Positive Parenting

Words Matter

Children look to their parents or primary caregivers for almost everything. From providing the basic necessities like food and shelter to modeling how to talk, how to behave and how to interact with other people, most parents and caregivers realize that they are their children’s primary conduits to the world. Parents and caregivers give children their first lessons in tooth brushing, shoe tying, cooking, cleaning and the fundamentals of how to take care of themselves. What parents and caregivers might not realize, however, is that when they talk to their children, they’re also teaching them how to think about themselves.

According to Bradford Wiles, an early childhood development specialist at Kansas State University,

“… the language that the children hear outside becomes the language they use internally. If they hear language such as, ‘you’re making mistakes; you’re stupid; no, you can’t do that,’ those things begin to be incorporated into their own thoughts.”

For this reason, it’s imperative that parents are careful about how they talk to their children, especially during times of stress.

Give Yourself a Timeout

When parents find themselves getting angry with their children, Wiles advises that the best thing to do may be to take a deep breath and a step back from the situation. Since children – even teenagers – are simply trying to figure things out and don’t yet have the ability to self-regulate the way adults do, it’s the adult’s responsibility to bring balance to the situation.

Using words that shame or blame will be detrimental to your teen’s overall wellbeing and self-esteem. Staying positive when a situation could become negative is an important lesson for young people to learn, and if they see it in their parents, it is a lesson that’s more likely to stick.

Positive Parenting Tips

The Centers for Disease Control website is a great resource for understanding the stages of child and adolescent development, and for finding ideas on how to maintain a positive relationship with your child.

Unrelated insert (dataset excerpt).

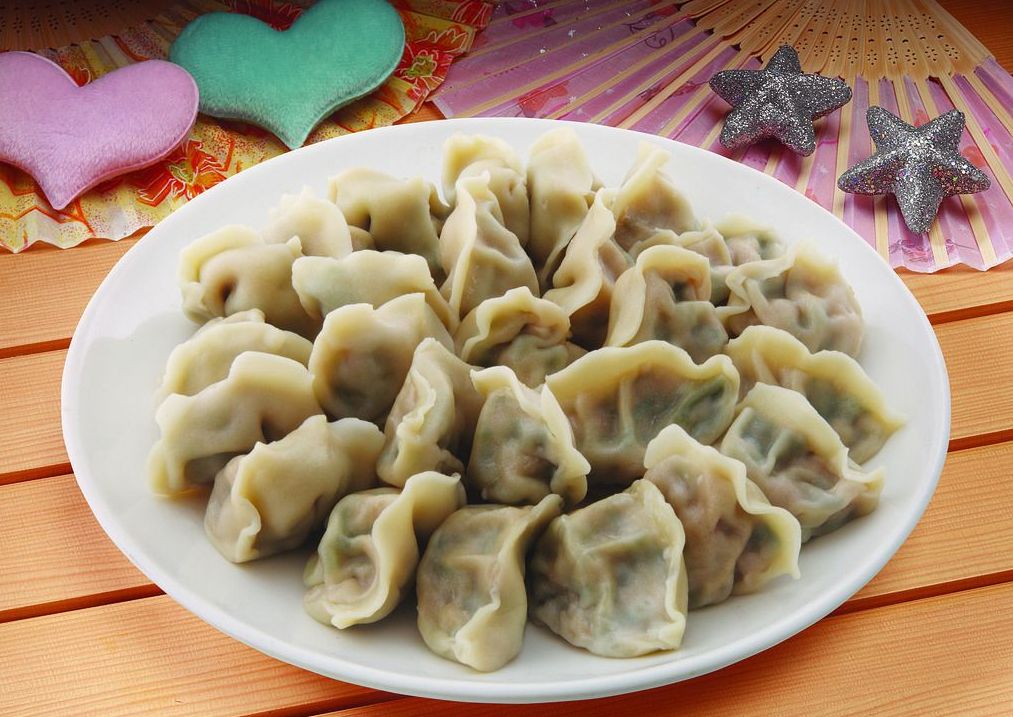 香菇青菜饺子:汤清味美,口感爽滑,是吃货无法拒绝的美味佳肴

Tips for Early Teens (ages 12-14)
  • Act as a resource and guide for your teens, and help teach them how to make positive, healthy life choices.
  • Listen to your teenagers. Do your best not to shut down dialog. No matter the topic, give them a chance to talk—you may be very surprised about what they know already.
  • If you have a conflict with your teen, make sure to include him in the dialog about rules, consequences, and your expectations of them. Teens are much more likely to adhere to rules they had a say in creating.
Tips for Teens (ages 15-17)
  • Praise your teenagers’ achievements. Make sure they know you’re paying attention to them as they grow and learn.
  • Don’t be afraid to be affectionate, even if it’s the most embarrassing thing on earth (for them). Find activities you can do together, and enjoy them.
  • Listen to your teenager and show respect for his or her attitude and unique point of view. Do not belittle ideas.
  • Teach your teenager to always live in the solution, and not get bogged down in the problem. Set up situations that allow teens to make decisions on their own, but always be there to counsel them if they get stuck.
  • Role model positive, proactive decision making, and remember – even when they’re teenagers and act like they know everything and don’t need you at all, they’re still watching everything you do. They’re far more likely to do what you do than what you say.

Establishing open, honest, and direct lines of communication in childhood is the key to maintaining positive relationships with your children throughout their teenage years and into adulthood. Communicate early and often with your children. Establish an atmosphere of mutual respect and trust, and they will keep coming to you as they grow and mature – and not just for money or the car keys, but also for advice on life’s toughest challenges.